Chris Peterson was able to consider a variety of options when solving the organizational problem can also be seen as another major success of. To solve the problem, she knew that she had to build a strong relationship with the schools in her region as well as providing a full range of services to them (Buchanan & Huczynski, 2010).
Additionally, it was also very clear to her that she had to develop new products as well as offerings so as to respond to the district needs. Decision-making patterns in an organization should be informed.
This is because placing decision-making responsibility on juniors may act as a motivating factor towards the achievements of the organizational objectives. However, the decision-making process should be kept in check so as to ensure that informed decisions are made.
A leader should also place his or her team members in situations where they can make crucial decisions in the organization. Post-Recommendation Implementation Considerations The business world is one that is expected to present a lot of uncertainties regarding the future.
Organizational leaders should expect challenges and device a way of dealing with these challenges (Denhardt, Denhardt, & Aristigueta, 2015). Many issues arise for Chris Peterson in the DSS case. These challenges can face any organization and as a result, having a standard way and approach to solving them can be very instrumental in developing strong teams and organizations.
Some of the issues that arise for Chris Peterson include leading teams that have doubts concerning the impacts of the new strategies among them, leading of deals rather than individuals, and leading the long term projects rather than short term project.

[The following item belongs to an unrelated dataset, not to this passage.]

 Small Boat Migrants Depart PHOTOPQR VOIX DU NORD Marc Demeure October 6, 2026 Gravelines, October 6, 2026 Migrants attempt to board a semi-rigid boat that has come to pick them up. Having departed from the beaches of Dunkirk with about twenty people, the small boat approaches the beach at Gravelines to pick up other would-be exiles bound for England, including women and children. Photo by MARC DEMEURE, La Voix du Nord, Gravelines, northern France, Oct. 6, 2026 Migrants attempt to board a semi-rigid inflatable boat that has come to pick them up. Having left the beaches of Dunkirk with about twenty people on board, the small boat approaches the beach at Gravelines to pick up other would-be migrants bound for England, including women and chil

Other issues include implementing new strategies that the management is still testing and which are likely to change in the future among other key issues. Priorities and Trade-Offs A good leadership style should weigh all the available priorities and create trade-offs so as to reap maximum benefits. First, balancing power and politics in an organizational setting is very important. As such, an organization should not use propaganda politics to gain power. Additionally, organizational leaders should ensure that power and responsibility are balanced (Denhardt, Denhardt, & Aristigueta, 2015). The choice of teams and leaderships should concentrate motivating employees so as to increase their productivity.
Successes of The Management Relationship In The Case Chris Peterson has quite a lot of experience in the field of project management. She had acquired this experience as she had been placed in charge of the implementation of new technology in some small district schools.

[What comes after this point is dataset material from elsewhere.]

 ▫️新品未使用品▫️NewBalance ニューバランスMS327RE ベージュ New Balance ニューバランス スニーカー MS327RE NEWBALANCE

In the past, Chris Peterson has proven to be very successful in leading short term projects. Basing on her past success, she was chosen to lead a cross functional team. This task would present a couple of challenges to her because this was to be her first permanent team to lead.
Leadership styles may differ depending on the kind of team being led (Denhardt, Denhardt, & Aristigueta, 2015). Most obviously, one would expect that permanent and long terms team to be led differently from a short term team.

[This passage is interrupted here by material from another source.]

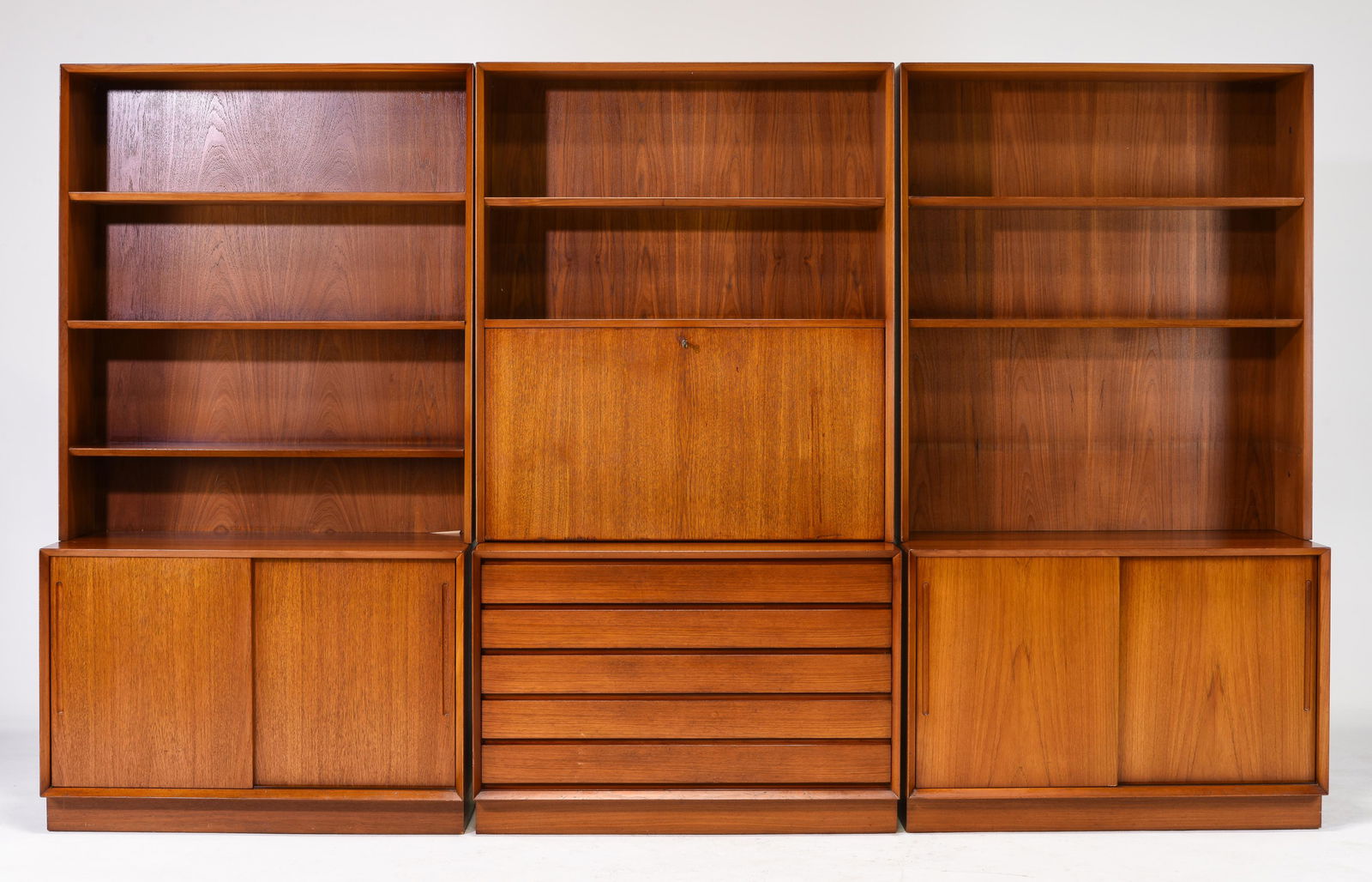Mid Century 3 Section Wall Unit Attributed P. Hundevad (1 of 10)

The challenges presented by these groups of teams would also be different hence prompting the use of different leadership approaches. Failures of the Management Relationship in the Case Despite the successes witnessed by Chris Peterson, there were still some areas where she failed as a team leader. First, she lost sight of the overall strategy of the organization in her bid to embrace her role as a team leader. By Meg terming her decision as final, it sounds quite de-motivating to Chris Peterson despite her efforts to accomplish the organization’s objectives. At least, Meg should have discussed the matter with Chris in a more professional way before reaching the final decision. Through this, the leaders do not seem to leverage the issue of organizational politics and power (Denhardt, Denhardt, & Aristigueta, 2015).